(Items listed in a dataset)

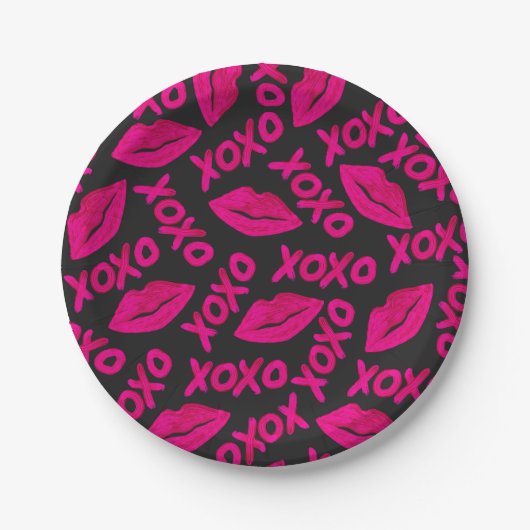 Assiettes En Carton Citation XOXO noir Neon rose lèvres Motif (Devant)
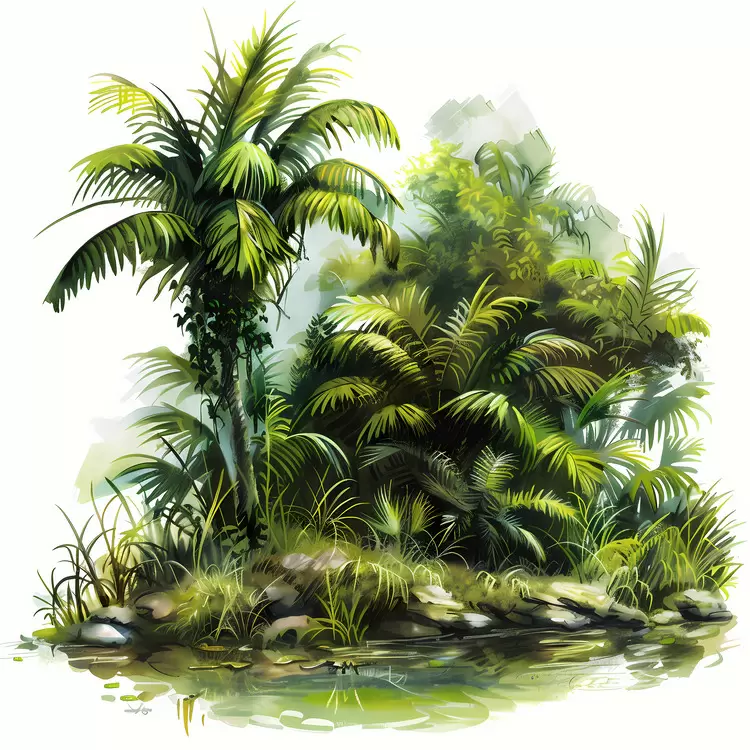 tropical jungle greenery foliage tropical swamp lush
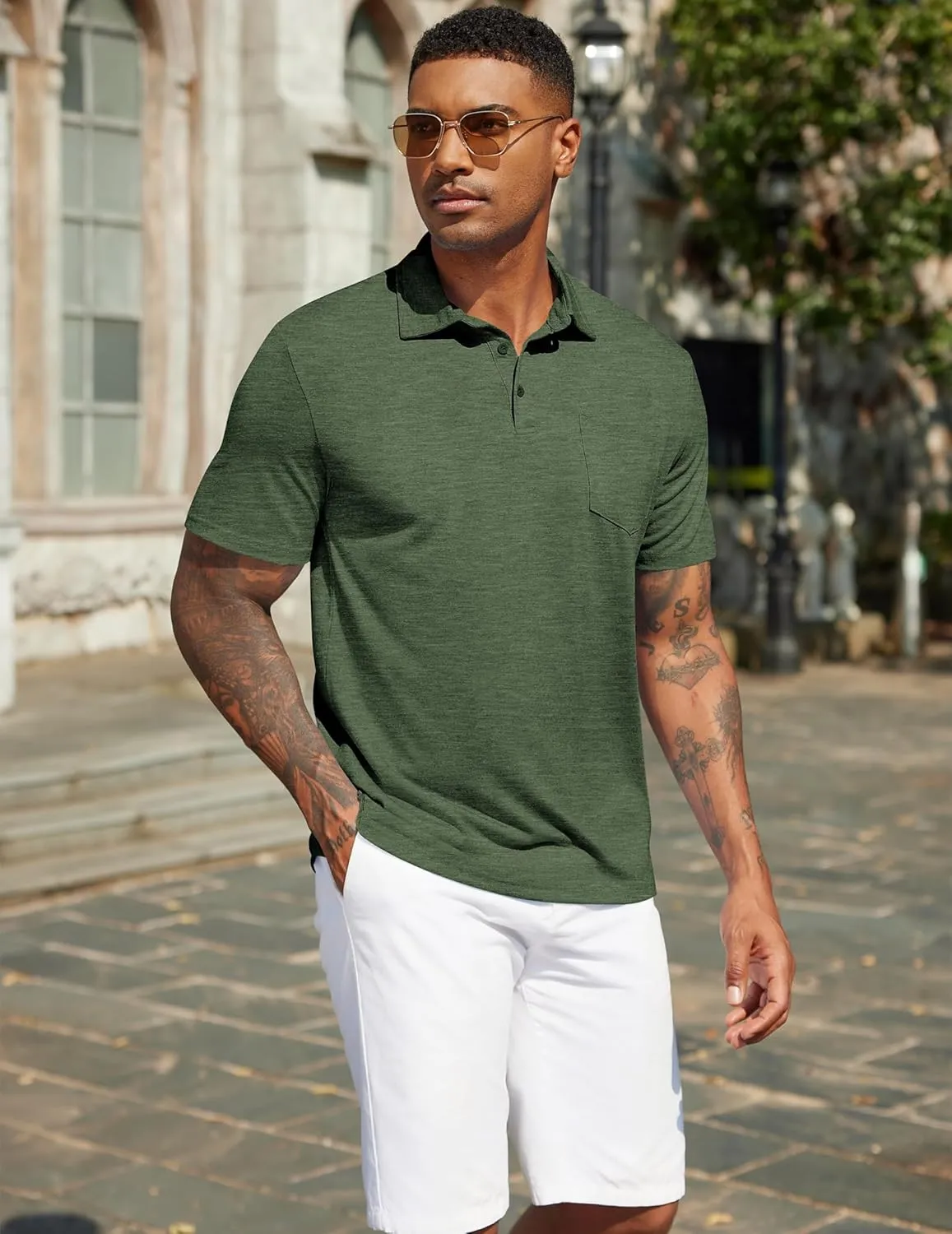 COOFANDY Mens Polo Shirts Short Sleeve Casual Golf Shirt Basic Solid Color Collared T-Shirt Stylish Summer Polo T Shirt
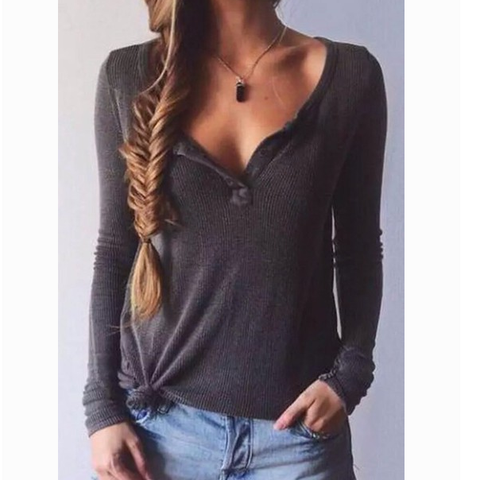 Fashion V-Neck Thin Sweater – wensoal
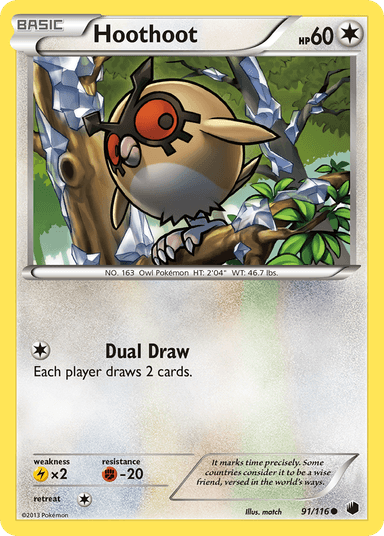Carta Hoothoot 91/116 do set Plasma Freeze — Pokémon TCG | Bynx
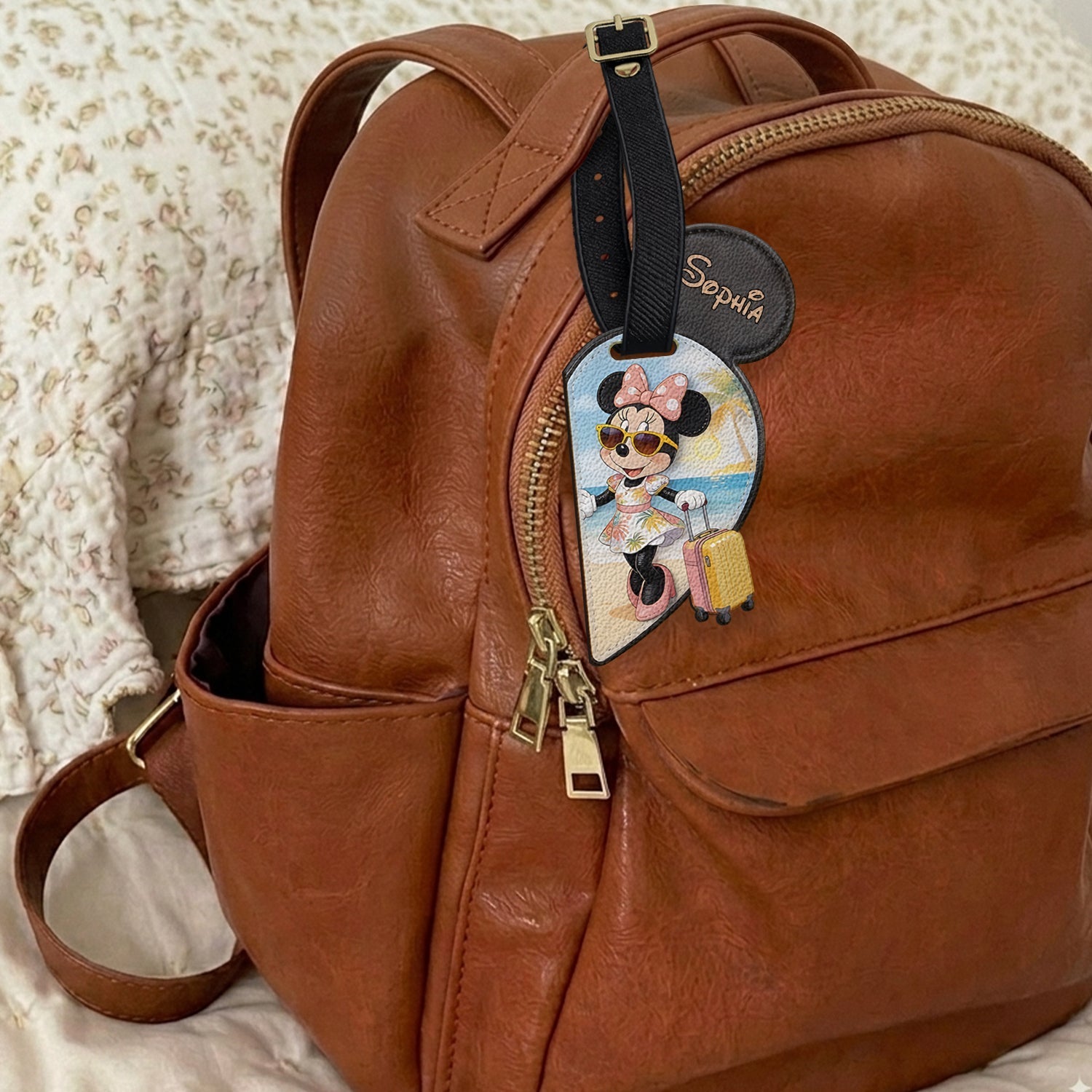 Personalized Mouse Luggage Tag Custom Name Travel Gift for Couples Luggage Tag GradoCreations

▶ **Action item**
All lines from the one containing "Fashion V-Neck Thin Sweater – wensoal" through the end of the entries, both ends included, should be written out exactly, with no pictures.

▶ **Response area**
 Fashion V-Neck Thin Sweater – wensoal
Carta Hoothoot 91/116 do set Plasma Freeze — Pokémon TCG | Bynx
 Personalized Mouse Luggage Tag Custom Name Travel Gift for Couples Luggage Tag GradoCreations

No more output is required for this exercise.